/ High performance computing

High Performance Compute for the JVM - A Prerequisite for DL4J (Part 2)

Unlike most popular deep learning frameworks, DL4J was created with Java principles and the JVM in mind. Originally, its backends were all in Java, but those days are long gone, and ND4J now uses native backends for both CPU and CUDA.

CUDA is of special interest to our users, since it dramatically boosts performance in parallel computations. This significantly lowers the time required for tuning and training models. While we seamlessly support NVIDIA’s cuDNN library of deep learning primitives, we also make the power and performance of the GPUs accessible to end users who don't have cuDNN installed.
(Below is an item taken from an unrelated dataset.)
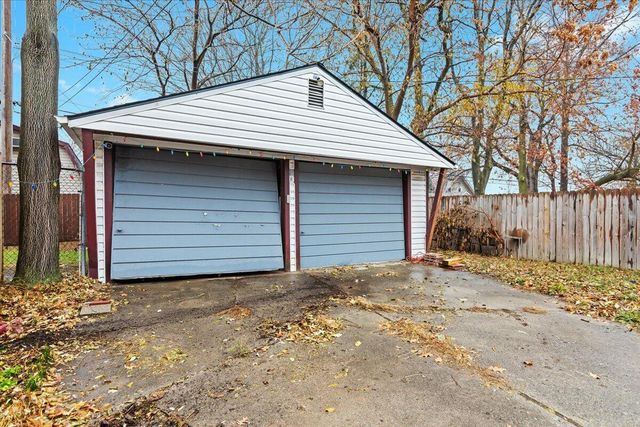 575 E Lewiston Avenue, Ferndale City, MI 48220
This kind of stack - all in Java with a “native” backend - comes with its own set of unique challenges. These native operations are essentially a set of independent, individual operations applied to the same data. This managed memory model creates some challenges, so we constantly look for ways that will allow us to improve performance, without breaking code universality for end user.

Under the hood


Deep learning operations are mostly linear algebra. All of this magic can be represented as a sequence of algebraic transformations applied to the data in some specific order.


Memory tricks & cheats

Memory Reuse

One of the significant hurdles here is allocation cost. In a C/CUDA application, the device/host memory is ideally allocated once, and then reused as long as possible. The case is very different in Java, where local scope variables are heavily used, and where such use may even be considered «good practice».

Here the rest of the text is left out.